» Exercise description: Print exactly the line that contains "Squishmallow Diva Bigfoot Plush 14’" along with every line beneath it to the end of the records below, and omit pictures.

*** Recorded data Section Begins ***

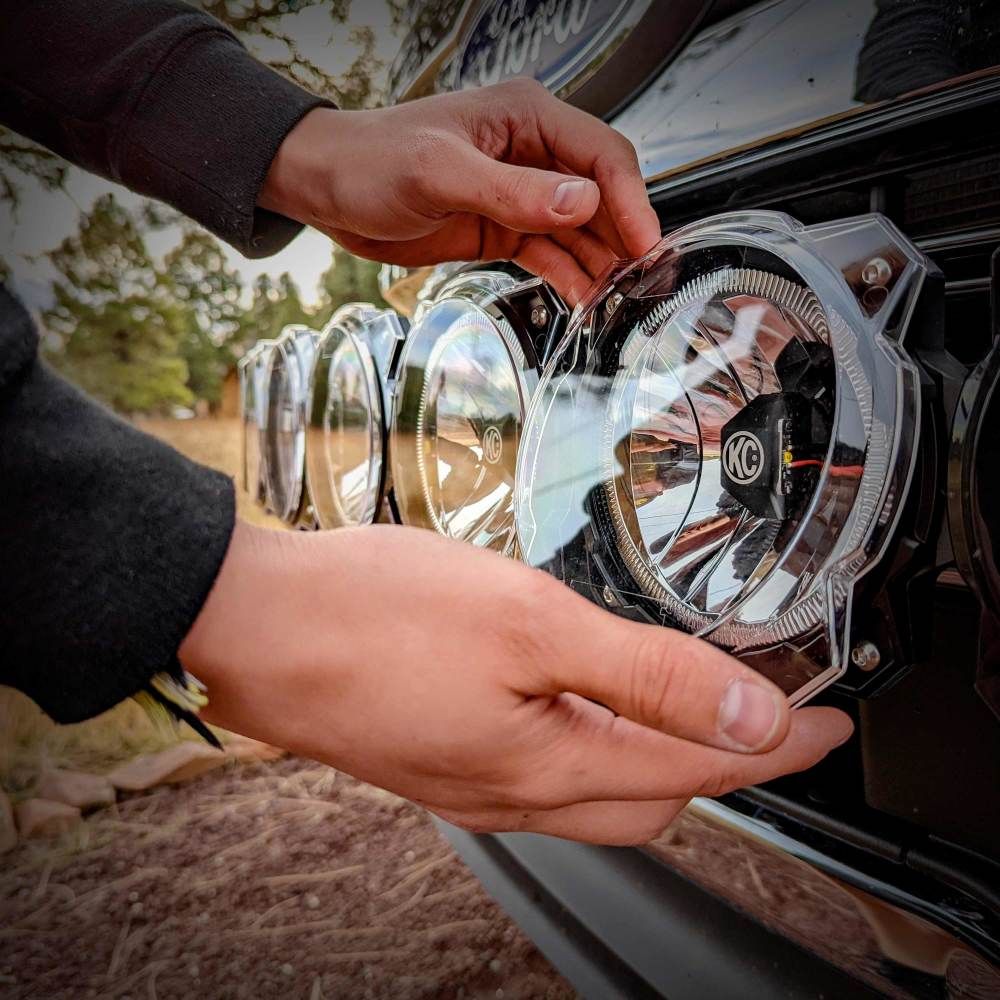 Gravity® Titan/Pro6 6" Clear Shield Front View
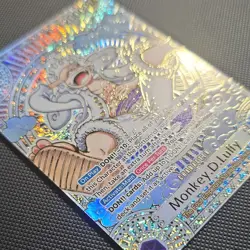 Gold Monkey D. Luffy One Piece Fist of Divine Speed OP05-119 (Avail till 4/6/26) - Image 3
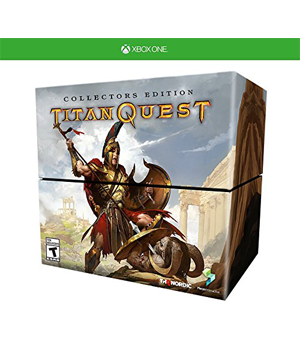 Titan Quest Collector's Edition Xbox One NEW
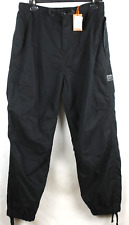 Superdry Parachute Grip Hose Cargohose schwarz Damen Gr.W33 (40/42) L32 neu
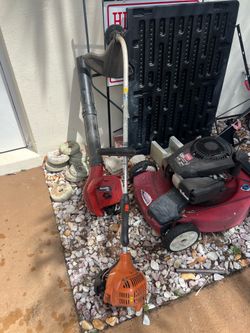 Garden equipment the lawn mover, blower,weed wacker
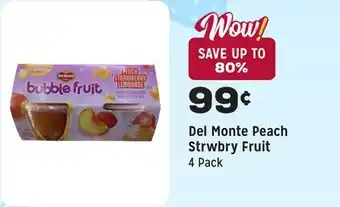 Grocery Outlet Peach Strwbry Fruit offer
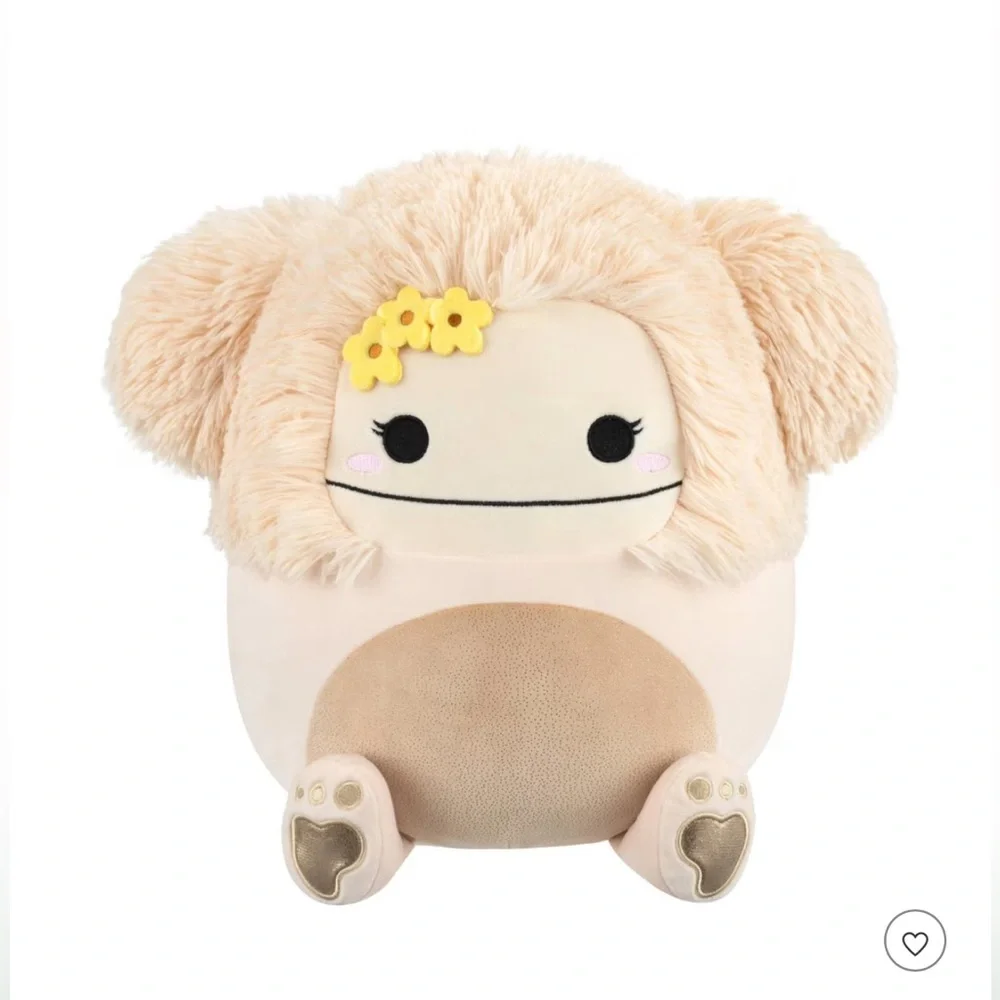 Squishmallow Diva Bigfoot Plush 14’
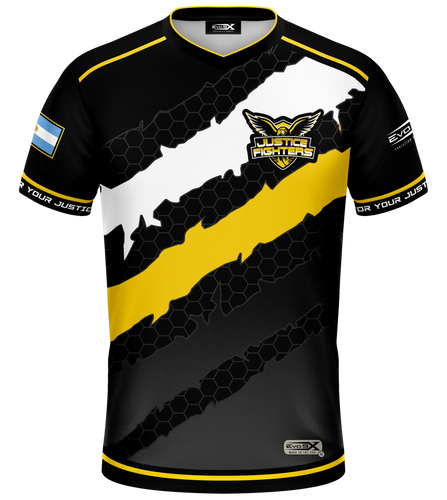 Justice Fighters Pro Jersey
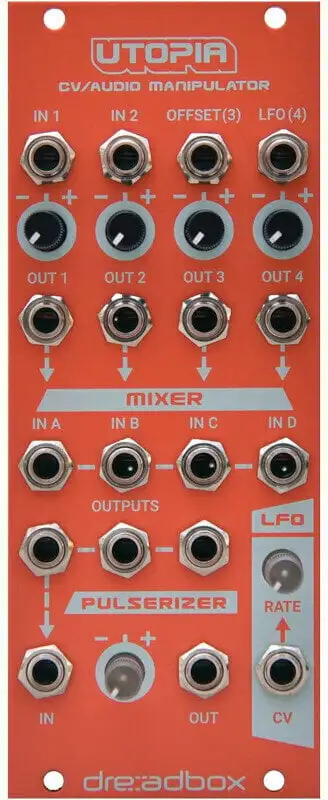 Dreadbox Utopia Modulärt system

*** Recorded data Section Ends ***

» Answer box:
 Squishmallow Diva Bigfoot Plush 14’
 Justice Fighters Pro Jersey
 Dreadbox Utopia Modulärt system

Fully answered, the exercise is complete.